*** Supplied data ***
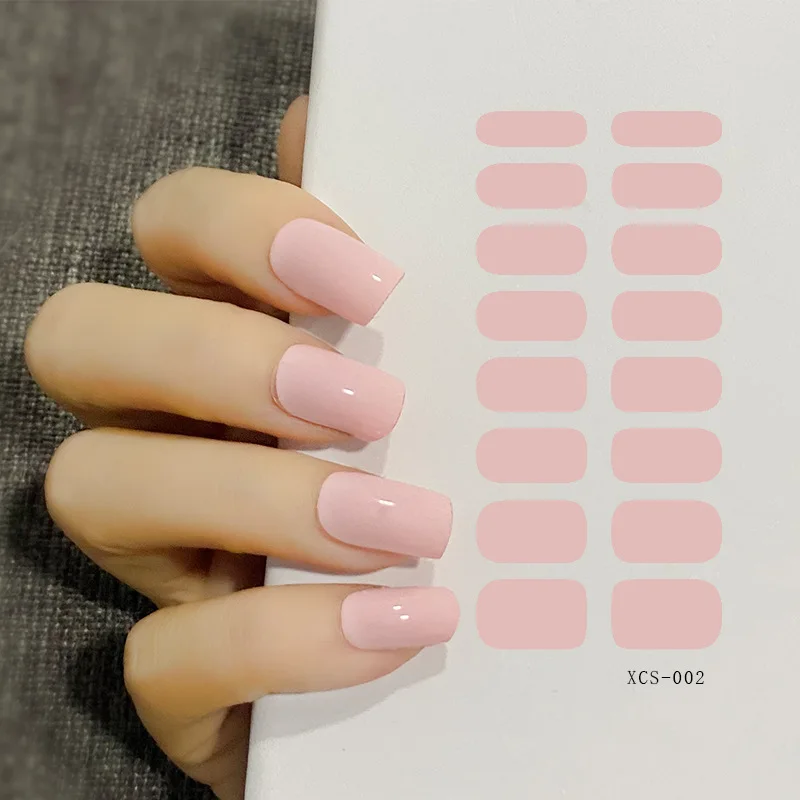 

Nail Polish Sticker Wraps Strips 3D UV Gel Semi Cured Gel Nail Custom Logo Solid Color Permanent Light Pink Waterproof Plastic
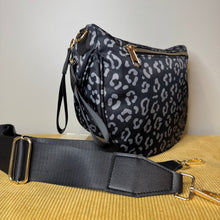 Load image into Gallery viewer, Roni - Nylon Crossbody - Black &amp; Grey Animal
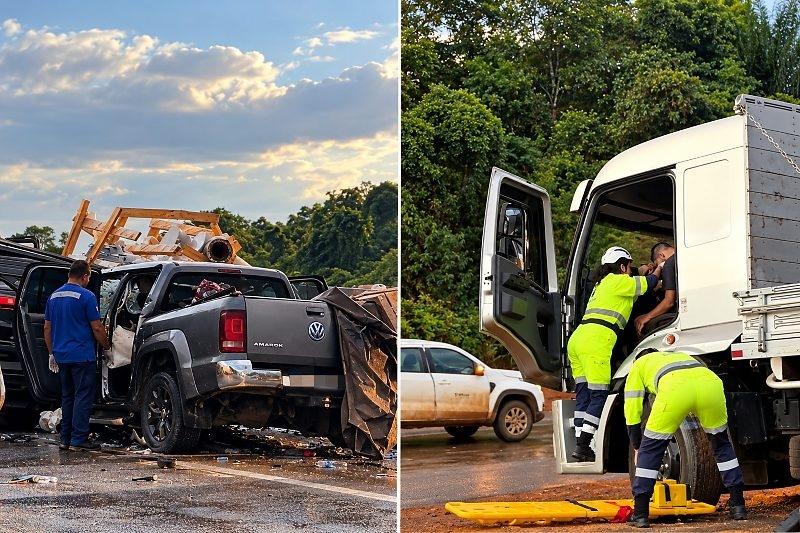 Casal de empresários morre em colisão frontal entre Amarok e carreta na BR-163 em Sorriso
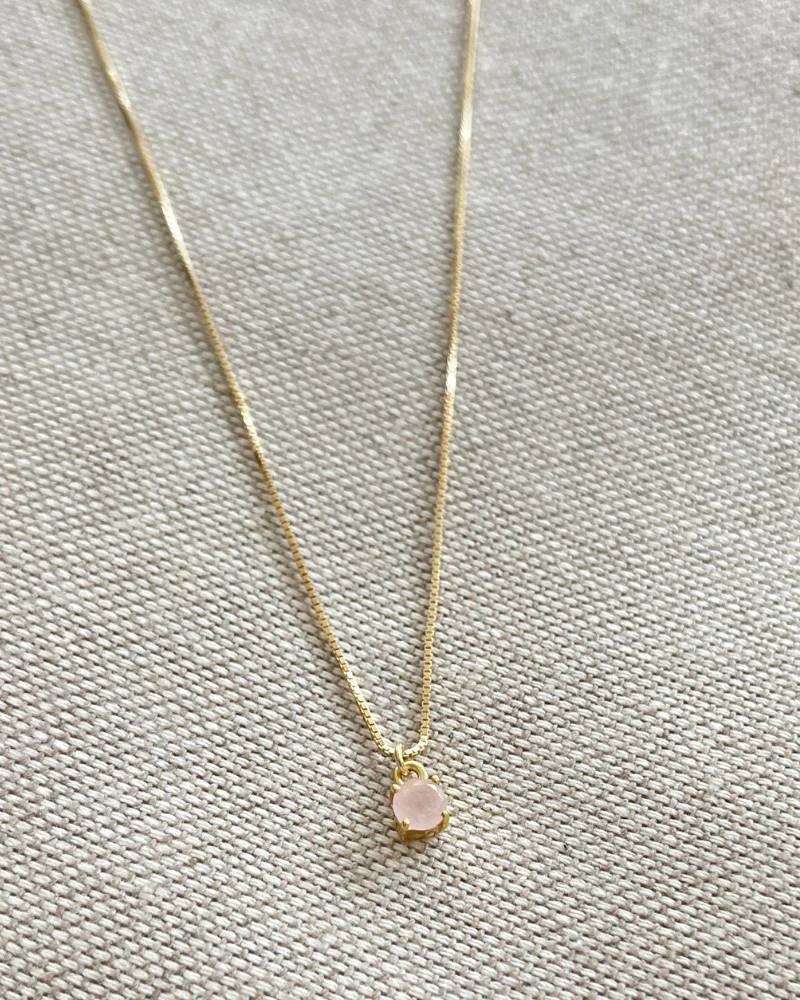Collar Lumiere Cuarzo rosa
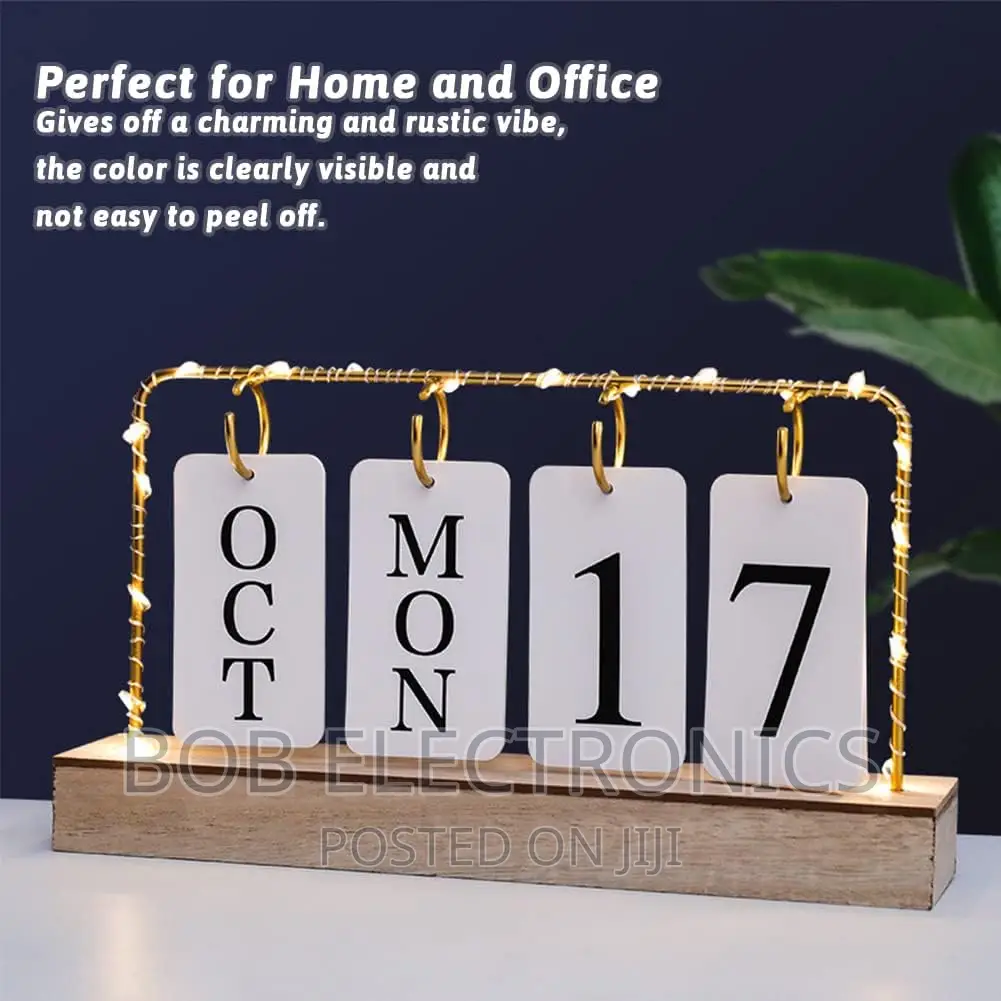Wooden Desktop Led Calendar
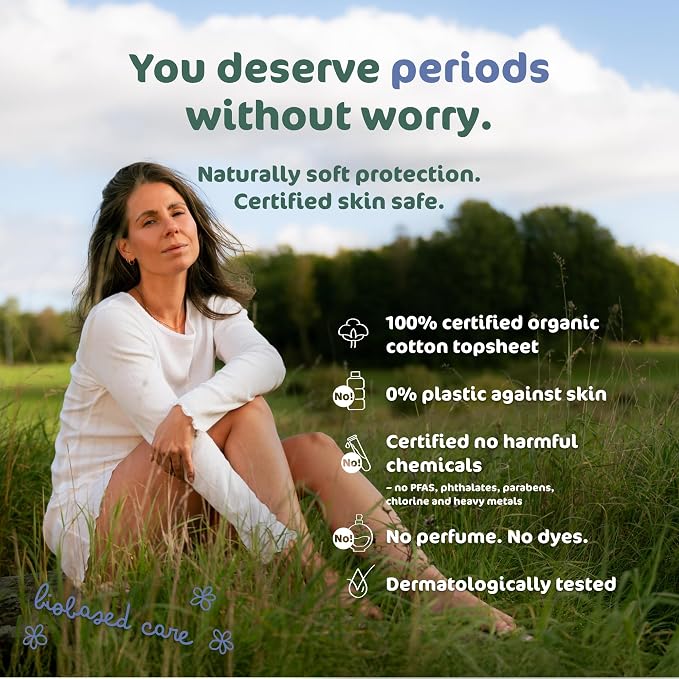 Naty Sanitary Pads for Women with Wings, Overnight Absorbency, 10 Count | 100% Organic Cotton top Sheet, Certified Skin-Safe for Periods, Unscented, Comfortable & Breathable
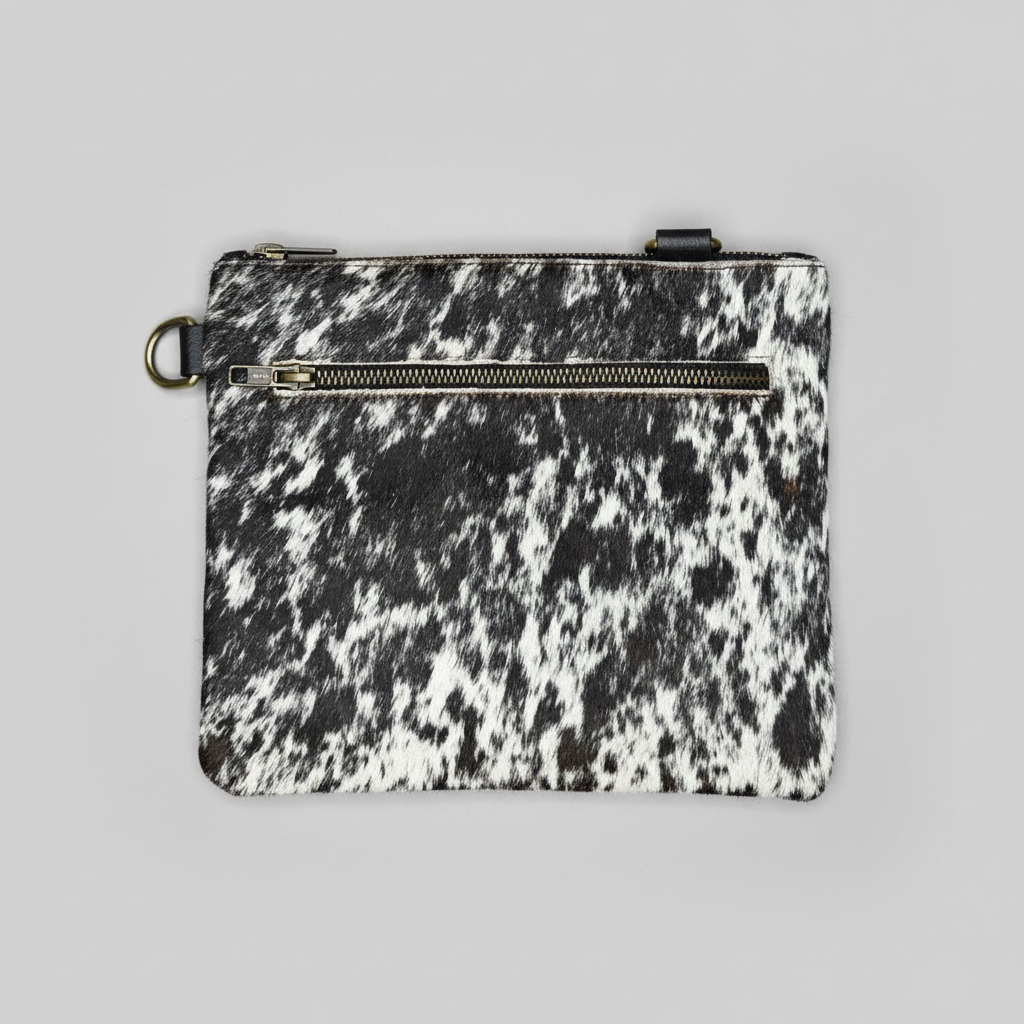 Natural Cowhide Double-Sided Crossbody Bag, Medium (23 x 21 cm)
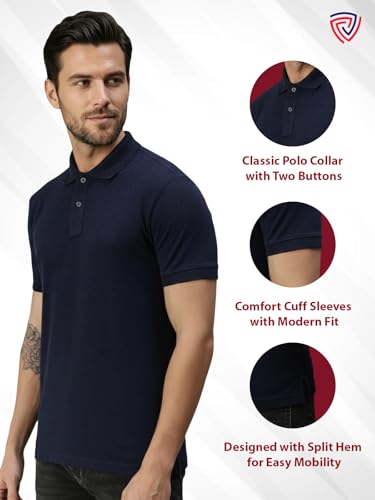 Image of Lux Cozi Men's Cotton Solid Polo Tshirt | Collar Tshirts | Half Sleeves | Stylish & Premium All Day Wear | Pack of 1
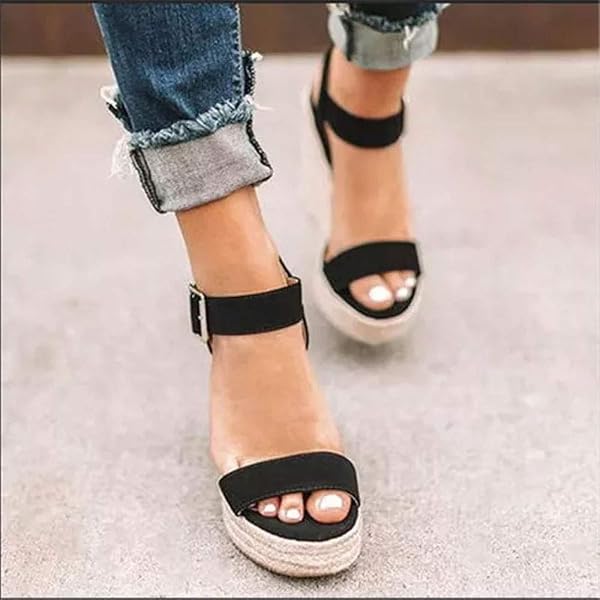 VICKI·VICKI WOMEN’S WEDGES SANDALS PLATFORM WEDGE HEELS ESPADRILLES WOMEN SHOES SANDALS BLACK SIZE 11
*** End of Supplied data ***
Task goal :: Return only what lies between the line containing "Naty Sanitary Pads" and the last line of the listing, those two lines included, exactly as written and with no pictures.

Task answer ::
 Naty Sanitary Pads for Women with Wings, Overnight Absorbency, 10 Count | 100% Organic Cotton top Sheet, Certified Skin-Safe for Periods, Unscented, Comfortable & Breathable
 Natural Cowhide Double-Sided Crossbody Bag, Medium (23 x 21 cm)
 Image of Lux Cozi Men's Cotton Solid Polo Tshirt | Collar Tshirts | Half Sleeves | Stylish & Premium All Day Wear | Pack of 1
 VICKI·VICKI WOMEN’S WEDGES SANDALS PLATFORM WEDGE HEELS ESPADRILLES WOMEN SHOES SANDALS BLACK SIZE 11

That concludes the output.